## Work request
Would you write out each line of the material below exactly, skipping every picture?

## Given material
Content starts

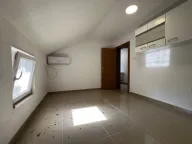 Sale, house, 104m², Mišići, Bar - image 7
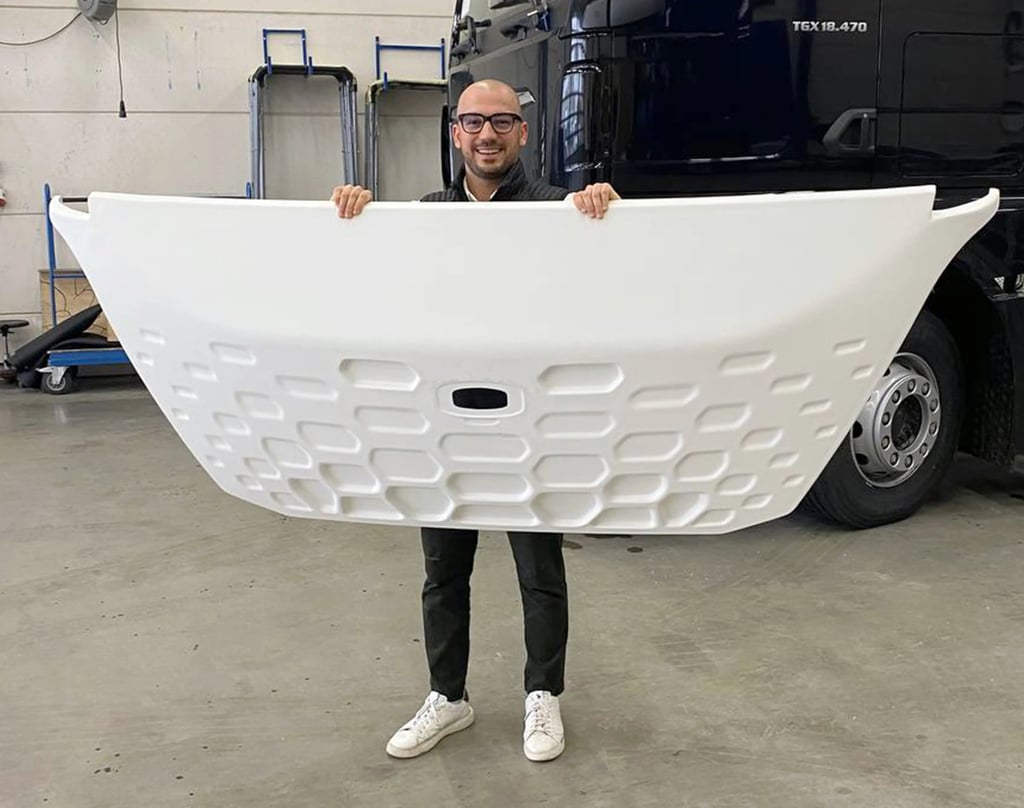 Koorosh-Shojaei-QHM-AERO-H2-truck-exterior-panel-production-glass-fiber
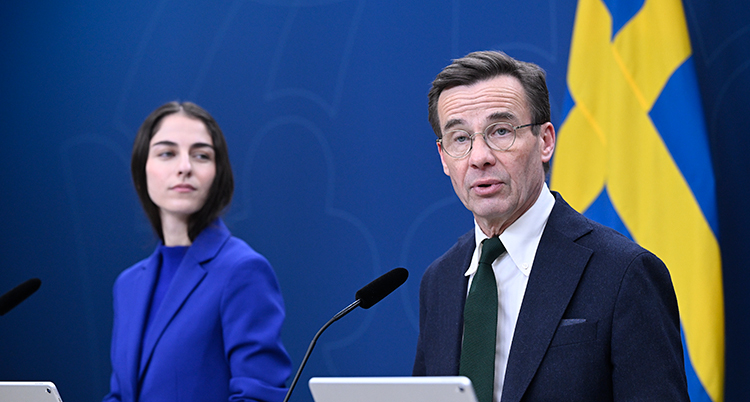 Två ministrar pratar.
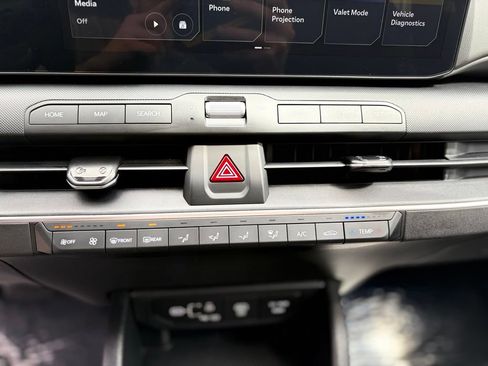 Used 2025 Kia K4 FWD image 21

Content ends

## Exercise answer
 Sale, house, 104m², Mišići, Bar - image 7
 Koorosh-Shojaei-QHM-AERO-H2-truck-exterior-panel-production-glass-fiber
 Två ministrar pratar.
 Used 2025 Kia K4 FWD image 21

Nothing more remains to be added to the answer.